Area residents who have been pushing to save a lake in Ulster County are encouraged by a new engineering report. They hope the report’s findings will convince state officials to repair rather than remove a dam at the lake. And a New York state Senator supports the group’s efforts.
Initial estimates of up to $9 million to repair the dam at Tillson Lake in Gardiner were considered too much for the Palisades Interstate Park Commission. In early 2018, the Commission’s executive director said if there were sufficient funding to repair the dam to bring it into compliance, he’d be more than happy to move forward with repairs and upgrades. But the funding wasn’t there and the Commission was taking steps to design and seek approval for the dam’s removal with plans to restore the lake back to a natural stream corridor. Fast forward to today. Morey Gottesman is president of Friends of Tillson Lake.
“The Palisades Interstate Park Commission, in conjunction with New York State Office of Parks, commissioned a new engineering study to determine the current condition of the dam and the cost to updgrade the dam to meet the new DEC safety regulations regarding high hazard dams,” Gottesman says. “Prior, dams had to meet a 100-year flood event, which this dam apparently does, but the new regulation called for a 500-year flood event, which it doesn’t.”
The Tillson Lake Dam is a Class C dam. Executive Director of the Palisades Interstate Park Commission James Hall referred a request for comment to the New York State Office of Parks, Recreation & Historic Preservation. Spokesman Dan Keefe says officials are reviewing the report and there have been no decisions. Again, Gottesman:
“Should the DEC sign off on this report, it’s still not a done deal because Parks and Palisades Interstate Park Commission have to request the funding in the budget and decide they want to seek the funding in the budget,” says Gottesman.
Democratic state Senator Jen Metzger says repairing the dam and saving the lake is a worthwhile investment, and she’d push to secure funding.
“The next step is to make sure the funding is there to do the improvements,” says Metzger.
Gottesman says the report contains four alternatives.
“We’re hoping it’s one of the first three, which is upgrading the dam alternative number four is breaching the dam,” Gottesman says.
A New York state Department of Environmental Conservation spokeswoman says, “DEC conducted a rigorous review of four design concepts to repair the Tillson Lake Dam and advised State Parks that all four concepts would be protective of public safety and the environment. Once a design is selected, DEC will conduct an in-depth, technical review of the selected design proposal to ensure the proposed repairs meet state dam safety standards.”

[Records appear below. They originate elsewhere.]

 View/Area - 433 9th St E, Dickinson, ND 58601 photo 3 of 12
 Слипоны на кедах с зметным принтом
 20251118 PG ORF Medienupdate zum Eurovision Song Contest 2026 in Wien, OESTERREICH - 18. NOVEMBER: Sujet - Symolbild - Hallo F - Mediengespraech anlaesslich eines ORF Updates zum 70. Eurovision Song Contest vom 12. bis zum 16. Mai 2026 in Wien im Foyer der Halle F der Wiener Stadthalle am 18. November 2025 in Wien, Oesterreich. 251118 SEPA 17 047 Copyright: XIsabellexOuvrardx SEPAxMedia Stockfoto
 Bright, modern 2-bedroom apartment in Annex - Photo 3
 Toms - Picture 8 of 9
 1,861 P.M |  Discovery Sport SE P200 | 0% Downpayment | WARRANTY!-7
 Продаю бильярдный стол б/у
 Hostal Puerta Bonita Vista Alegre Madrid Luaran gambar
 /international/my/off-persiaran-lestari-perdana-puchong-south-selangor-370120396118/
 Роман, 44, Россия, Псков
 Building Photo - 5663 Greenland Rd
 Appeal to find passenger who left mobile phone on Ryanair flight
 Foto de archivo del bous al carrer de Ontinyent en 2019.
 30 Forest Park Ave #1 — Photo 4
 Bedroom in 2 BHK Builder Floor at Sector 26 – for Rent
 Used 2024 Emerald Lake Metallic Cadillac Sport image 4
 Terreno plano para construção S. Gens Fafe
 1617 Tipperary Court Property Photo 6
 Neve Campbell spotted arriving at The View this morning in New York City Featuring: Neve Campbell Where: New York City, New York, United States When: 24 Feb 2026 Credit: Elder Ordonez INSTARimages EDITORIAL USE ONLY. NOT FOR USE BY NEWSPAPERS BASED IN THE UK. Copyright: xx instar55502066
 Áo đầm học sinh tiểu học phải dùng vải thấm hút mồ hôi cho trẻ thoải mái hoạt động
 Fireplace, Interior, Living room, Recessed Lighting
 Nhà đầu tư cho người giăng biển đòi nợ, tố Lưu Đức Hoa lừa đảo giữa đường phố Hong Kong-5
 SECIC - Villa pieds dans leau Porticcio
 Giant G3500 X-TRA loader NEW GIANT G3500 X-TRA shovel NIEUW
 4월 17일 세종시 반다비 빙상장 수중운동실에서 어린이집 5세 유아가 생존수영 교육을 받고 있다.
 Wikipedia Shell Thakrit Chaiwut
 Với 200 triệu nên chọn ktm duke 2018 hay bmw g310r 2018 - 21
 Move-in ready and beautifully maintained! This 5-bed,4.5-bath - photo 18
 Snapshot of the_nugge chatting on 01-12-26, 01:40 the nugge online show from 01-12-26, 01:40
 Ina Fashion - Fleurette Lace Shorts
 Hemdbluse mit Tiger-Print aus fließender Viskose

Metzger’s 42nd District includes Tillson Lake, which is part of Minnewaska State Park.
“The case for improving the dam is much stronger than decommissioning, at this point, especially when you consider the enormous recreational value it has to the communities. It, people use it… It’s a beautiful lake. It’s an absolutely beautiful lake,” Metzger says. “I live in this area. There are very few publicly accessible lakes in our area. That’s just the facts.”
Tillson Lake is a manmade lake that’s been around since 1929.
“Minnewaska is an incredible state park but, for many, you have to, it’s a huge and rigorous hike to get to Lake Awosting, even getting to Minnewaska Lake,” Metzger says. “If you are disabled, if you’re elderly, if you have very young kids, that’s not necessarily accessible. Tillson Lake is accessible.”
“First and primary is once that lake goes away, it’s gone forever,” says Gottesman.
Gottesman adds the lake is an environmental asset.